Notoriously vengeful

Of course, in these sorts of situations, many people are relatively powerless. Those most pragmatically able to make people like Weinstein accountable are his victims, yet most of them didn’t have the power to do so. He is by all accounts notoriously vengeful, and the prospect of never working again would be more than enough to squash most people who, in the moment, would not have a concrete sense that they were not the only one. It is also difficult to know what to do in a scenario where you hear rumours but have no evidence.

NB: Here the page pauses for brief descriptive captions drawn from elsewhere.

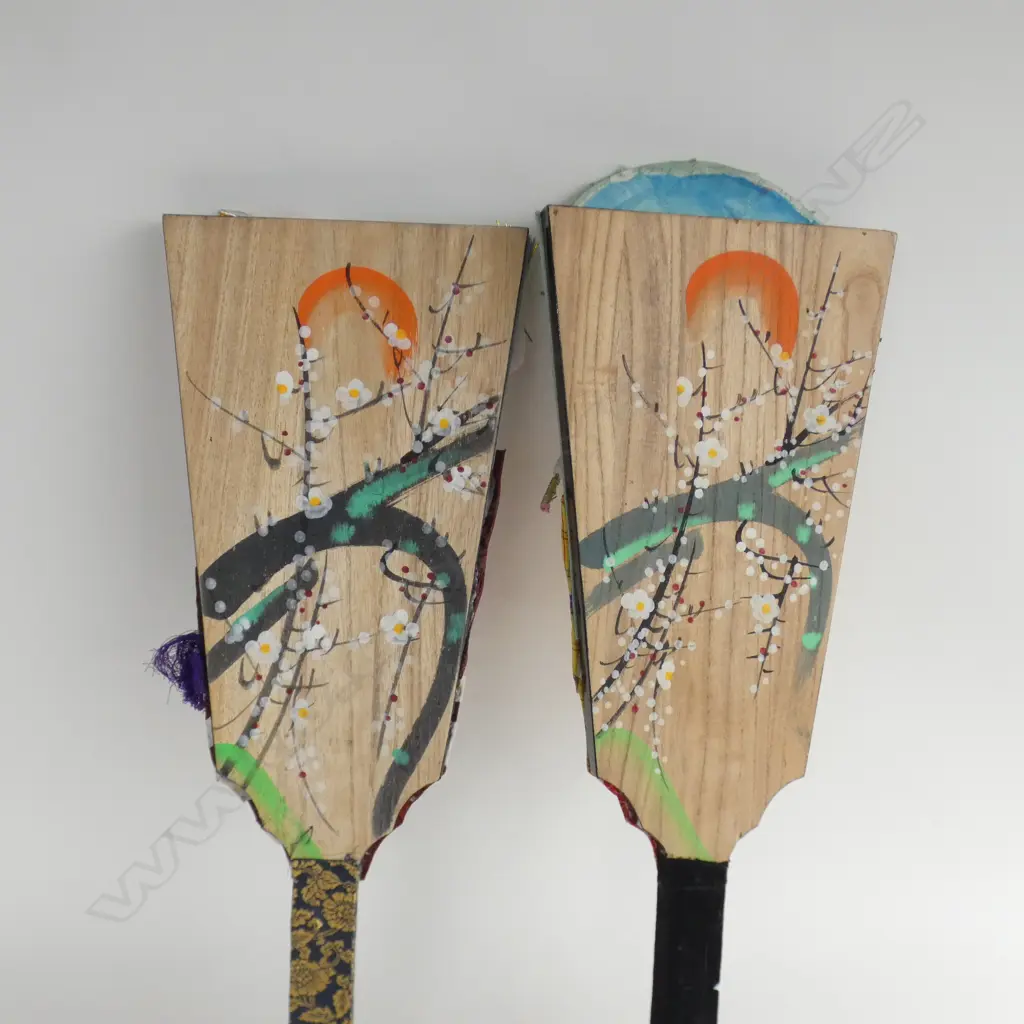 2 JAPANESE HAND HELD FABRIC FIGURES H.650mm Image 1++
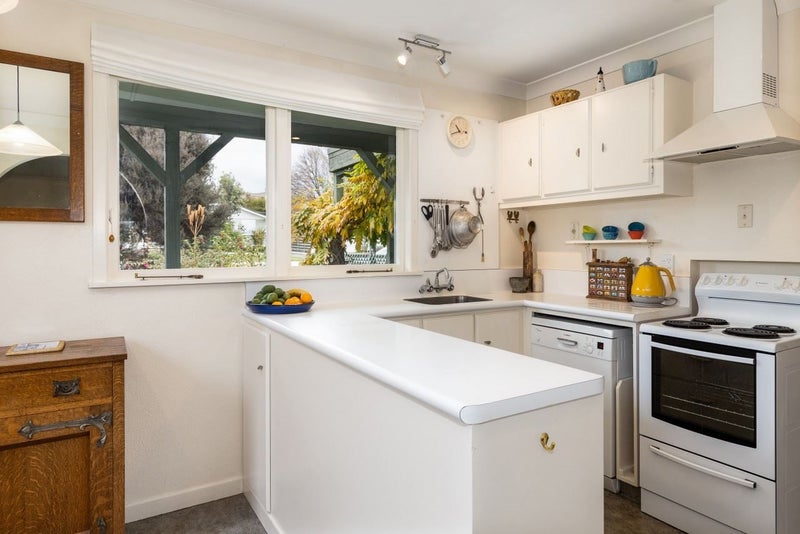 6 Belvue Crescent, Witherlea, Blenheim - Carousel 35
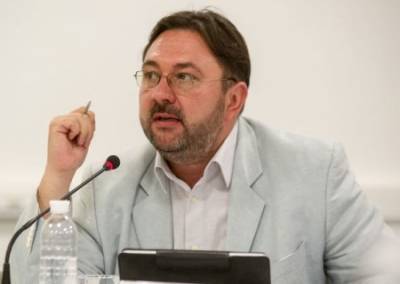 Владимир Зеленский - Никита Потураев - «Мы не должны глупостей делать»: Советник Зеленского о доступе украинцев в социальные сети - news-front.info - Украина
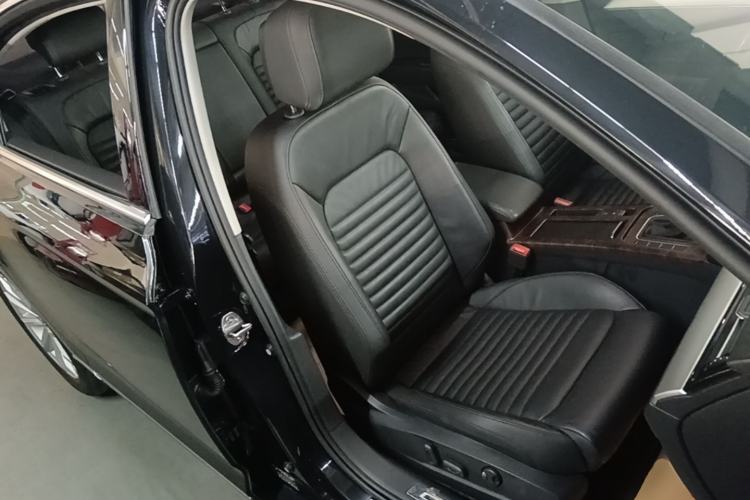 Used Volkswagen Magotan 2018 330TSI DSG Advanced Model Right Front Seat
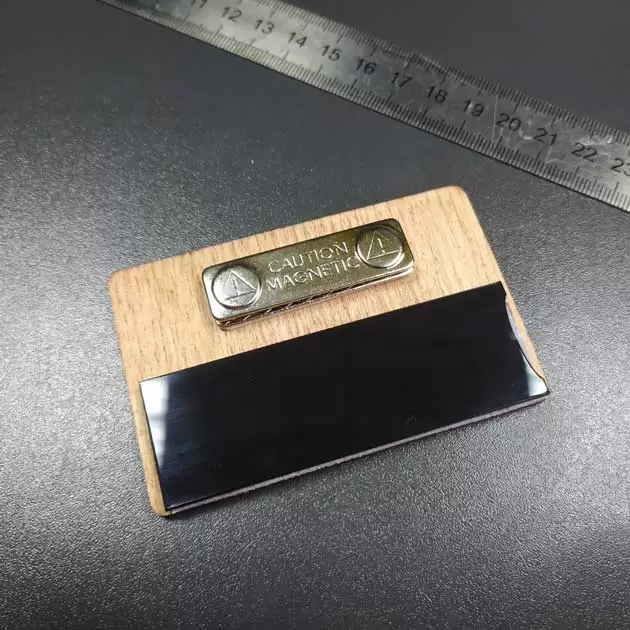 Деревянный бейдж с магнитным держателем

They are certainly not enough to go to the police with, and talking pejoratively about someone on the basis of rumours opens you up to both being wrong and slanderous. Not to mention that it is morally wrong to make accusations against someone when all you have is unsubstantiated rumour. That sort of thing can and does ruin innocent people’s lives, and won’t necessarily help bring guilty people to justice.

Quentin Tarantino

There is an argument to be made that anyone (even victims), who has enough concrete information to bring down someone like Weinstein, has a moral and epistemic duty to try. It's not a very popular argument, and there is one countering it that suggests that having something terrible inflicted on an individual through no fault of their own should not create a duty for them. However, in the case of Weinstein's abuse, there were those who knew about wrongdoing, possessed facts and power, and still avoided action. Quentin Tarantino, for one, has expressed regret that he didn't act on what he knew, citing the potential cost to his career as the reason for his silence. He was not the only such person.

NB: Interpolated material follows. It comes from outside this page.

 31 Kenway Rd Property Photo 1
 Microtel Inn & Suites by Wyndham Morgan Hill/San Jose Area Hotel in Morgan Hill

It is easy to be judgmental of others, but there is a discomfiting truth to be swallowed here by all of us. People regularly do the opposite of what they believe, or attest to believe. In doing this, we enable those who behave monstrously, or merely poorly, around us. Usually, in behaving this way, we thankfully aren’t made complicit in behaviour as catastrophically damaging as Weinstein’s, but if we can’t flex that muscle in minor scenarios, it will be too weak to withstand larger pressures, and we might find ourselves hiding behind that lying word – “revelations”.